• **Records for the task**:
☆ ☆ ☆ ☆ ☆ ☆ ☆
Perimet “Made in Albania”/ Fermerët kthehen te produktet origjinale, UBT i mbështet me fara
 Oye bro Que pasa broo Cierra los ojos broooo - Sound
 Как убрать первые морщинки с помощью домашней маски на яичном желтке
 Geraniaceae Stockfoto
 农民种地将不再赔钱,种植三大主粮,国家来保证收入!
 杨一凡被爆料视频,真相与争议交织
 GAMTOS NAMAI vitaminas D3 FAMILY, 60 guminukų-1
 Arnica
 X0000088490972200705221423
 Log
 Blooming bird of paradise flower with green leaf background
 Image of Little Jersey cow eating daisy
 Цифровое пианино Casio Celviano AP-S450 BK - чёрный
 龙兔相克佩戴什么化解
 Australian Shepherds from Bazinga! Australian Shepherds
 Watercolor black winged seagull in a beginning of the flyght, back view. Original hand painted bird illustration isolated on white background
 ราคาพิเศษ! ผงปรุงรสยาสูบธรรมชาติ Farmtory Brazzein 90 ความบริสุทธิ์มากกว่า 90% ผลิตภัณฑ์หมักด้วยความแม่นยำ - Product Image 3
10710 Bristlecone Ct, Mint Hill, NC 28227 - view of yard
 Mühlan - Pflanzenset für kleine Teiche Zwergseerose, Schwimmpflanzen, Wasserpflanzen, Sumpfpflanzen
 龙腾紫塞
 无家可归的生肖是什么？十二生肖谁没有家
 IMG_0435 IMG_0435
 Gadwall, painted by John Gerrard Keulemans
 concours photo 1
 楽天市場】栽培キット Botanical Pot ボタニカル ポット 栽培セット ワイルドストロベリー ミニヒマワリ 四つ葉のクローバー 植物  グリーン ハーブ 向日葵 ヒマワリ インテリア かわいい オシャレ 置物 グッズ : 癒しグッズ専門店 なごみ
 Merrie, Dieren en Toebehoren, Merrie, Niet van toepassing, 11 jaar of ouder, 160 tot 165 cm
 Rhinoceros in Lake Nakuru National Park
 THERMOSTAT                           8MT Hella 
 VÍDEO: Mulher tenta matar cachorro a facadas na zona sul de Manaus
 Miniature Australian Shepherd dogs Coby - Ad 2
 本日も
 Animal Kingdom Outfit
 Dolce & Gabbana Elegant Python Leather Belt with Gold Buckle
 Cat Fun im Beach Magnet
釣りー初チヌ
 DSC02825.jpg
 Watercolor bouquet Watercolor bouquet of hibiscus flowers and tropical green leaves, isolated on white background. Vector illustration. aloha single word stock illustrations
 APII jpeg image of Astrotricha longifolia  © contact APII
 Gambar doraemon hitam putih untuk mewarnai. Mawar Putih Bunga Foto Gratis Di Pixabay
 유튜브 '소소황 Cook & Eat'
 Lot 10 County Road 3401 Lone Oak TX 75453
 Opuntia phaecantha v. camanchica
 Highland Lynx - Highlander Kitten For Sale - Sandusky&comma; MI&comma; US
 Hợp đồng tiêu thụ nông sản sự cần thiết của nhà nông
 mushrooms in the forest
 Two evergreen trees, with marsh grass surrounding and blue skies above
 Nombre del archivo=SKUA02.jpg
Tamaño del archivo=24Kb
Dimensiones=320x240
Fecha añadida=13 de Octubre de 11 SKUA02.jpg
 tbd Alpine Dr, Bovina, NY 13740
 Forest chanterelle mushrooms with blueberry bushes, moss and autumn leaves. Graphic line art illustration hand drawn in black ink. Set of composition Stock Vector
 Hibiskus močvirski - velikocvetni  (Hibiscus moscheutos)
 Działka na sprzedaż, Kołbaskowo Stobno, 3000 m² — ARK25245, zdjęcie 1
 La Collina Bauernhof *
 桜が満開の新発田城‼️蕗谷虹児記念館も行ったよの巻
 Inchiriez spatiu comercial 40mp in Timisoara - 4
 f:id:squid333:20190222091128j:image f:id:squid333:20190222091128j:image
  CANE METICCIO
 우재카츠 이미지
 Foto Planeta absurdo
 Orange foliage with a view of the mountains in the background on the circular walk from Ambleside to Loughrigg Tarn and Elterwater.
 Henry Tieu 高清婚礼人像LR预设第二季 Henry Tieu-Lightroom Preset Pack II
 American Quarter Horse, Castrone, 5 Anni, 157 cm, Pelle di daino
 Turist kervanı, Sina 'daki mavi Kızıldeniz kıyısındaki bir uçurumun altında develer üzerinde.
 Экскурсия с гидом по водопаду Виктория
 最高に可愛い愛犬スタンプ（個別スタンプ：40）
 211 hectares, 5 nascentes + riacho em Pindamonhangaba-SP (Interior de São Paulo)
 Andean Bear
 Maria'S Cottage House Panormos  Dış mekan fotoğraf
☆ ☆ ☆ ☆ ☆ ☆ ☆
• **What is expected**:
In the listing above, find each line where "hand" occurs and copy it.

• **Result**:
 Watercolor black winged seagull in a beginning of the flyght, back view. Original hand painted bird illustration isolated on white background
 Forest chanterelle mushrooms with blueberry bushes, moss and autumn leaves. Graphic line art illustration hand drawn in black ink. Set of composition Stock Vector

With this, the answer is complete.